Hacker News new | ask | show | jobs
by nchammas 1947 days ago
Interesting project! (The interactive slides are cool btw.)

Could you share a bit about how engineers express data transformations in Flow?

From a quick look at the docs, it doesn't look like you are using SQL to do this, which is interesting since it bucks the general trend in data tooling.

1 comments

You write pure-function mappers using any imperative language. We're targeting TypeScript initially for $reasons, followed by ergonomic OpenAPI / WASM support, but anything that can support JSON => JSON over HTTP will do.

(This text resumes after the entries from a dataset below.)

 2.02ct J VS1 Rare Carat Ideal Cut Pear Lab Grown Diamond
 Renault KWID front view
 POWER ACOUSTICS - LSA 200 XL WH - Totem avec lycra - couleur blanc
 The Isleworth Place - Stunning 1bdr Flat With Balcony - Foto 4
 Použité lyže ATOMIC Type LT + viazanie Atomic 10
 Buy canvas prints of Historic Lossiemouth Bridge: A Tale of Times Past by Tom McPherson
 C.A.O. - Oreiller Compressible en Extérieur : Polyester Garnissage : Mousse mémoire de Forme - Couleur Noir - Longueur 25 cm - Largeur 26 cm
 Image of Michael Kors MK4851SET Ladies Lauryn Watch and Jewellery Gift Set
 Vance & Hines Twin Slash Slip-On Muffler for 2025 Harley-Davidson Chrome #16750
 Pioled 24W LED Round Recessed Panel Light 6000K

It's only on you to write mapper functions -- combine & reduce happens automatically, using reduction annotations of the collection's JSON-schema. Think of it as a SQL group-by where aggregate functions have been hoisted to the schema itself.

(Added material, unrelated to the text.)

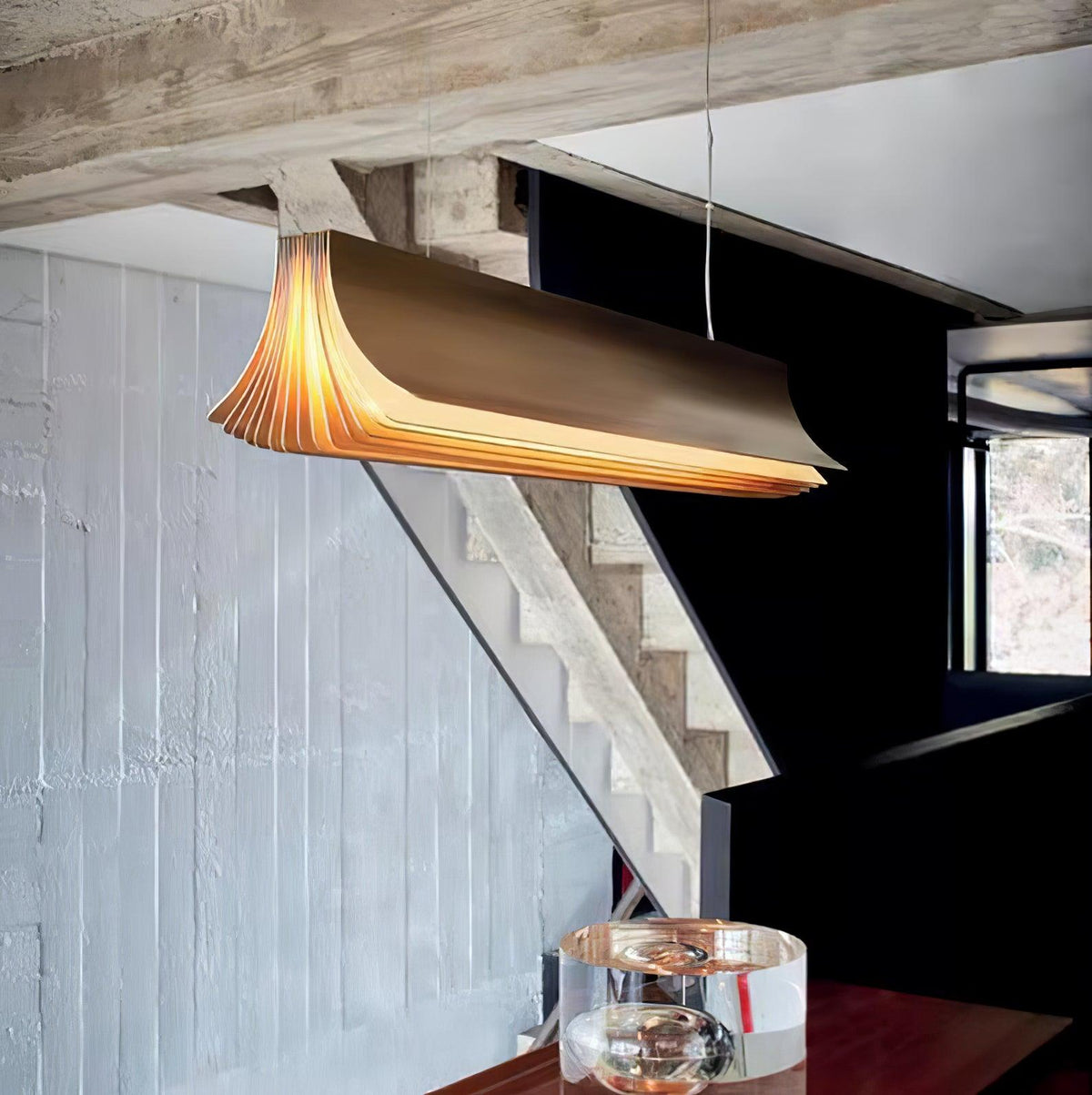 Bivane lámpara colgante moderna minimalista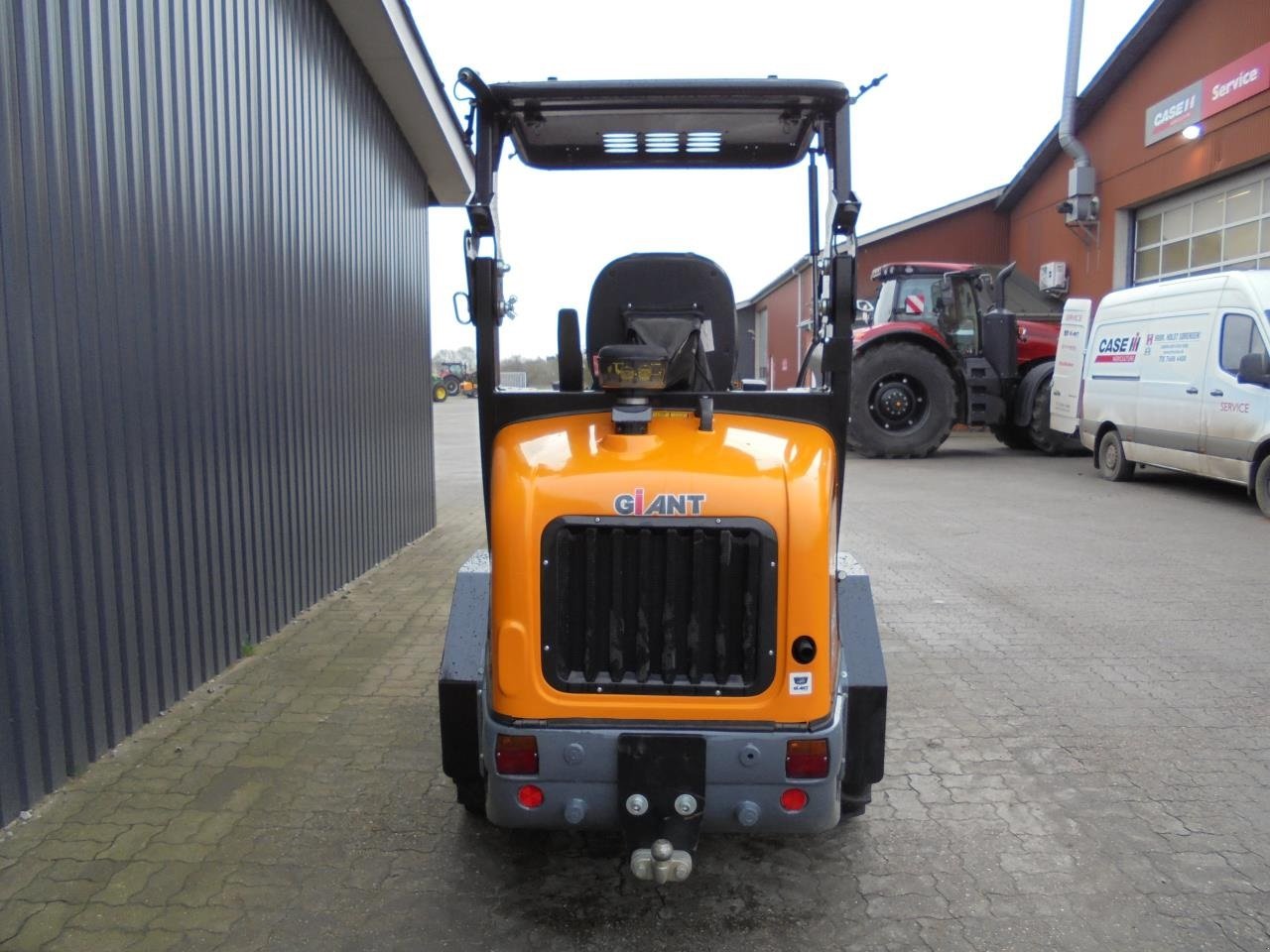 Kompaktlader des Typs GiANT G2500XHD, Gebrauchtmaschine in Ribe (Bild 4)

Here's a worked-up narrative example using Citi Bike system data: https://estuary.readthedocs.io/en/latest/examples/citi-bike/...

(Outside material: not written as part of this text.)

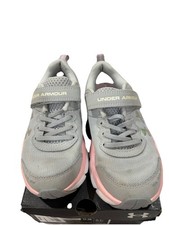 Under Armour GPS Assert 10 AC, Grey Pink, Size Kids 13.5 K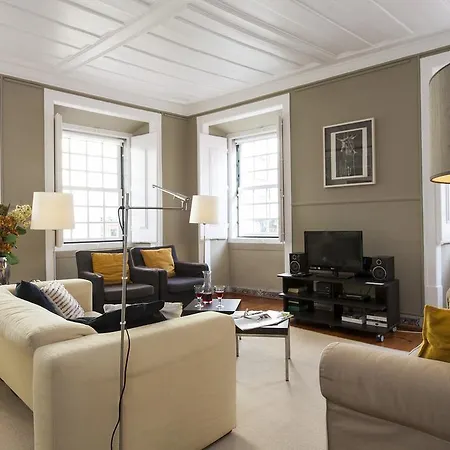 Appartement Guestready - Modern Flat W/ Juliet Balcony Lisboa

| it bucks the general trend in data tooling

You can say that again. It's a bet, and I don't know how it will work out. I do think SQL is a poor fit for expressing long-lived workflows that evolve over joined datasets / schemas / transformations, or which are more operational vs analytical in nature, or which want to bring in existing code. Though I _completely_ understand why others have focused on SQL first, and it's definitely not an either / or proposition.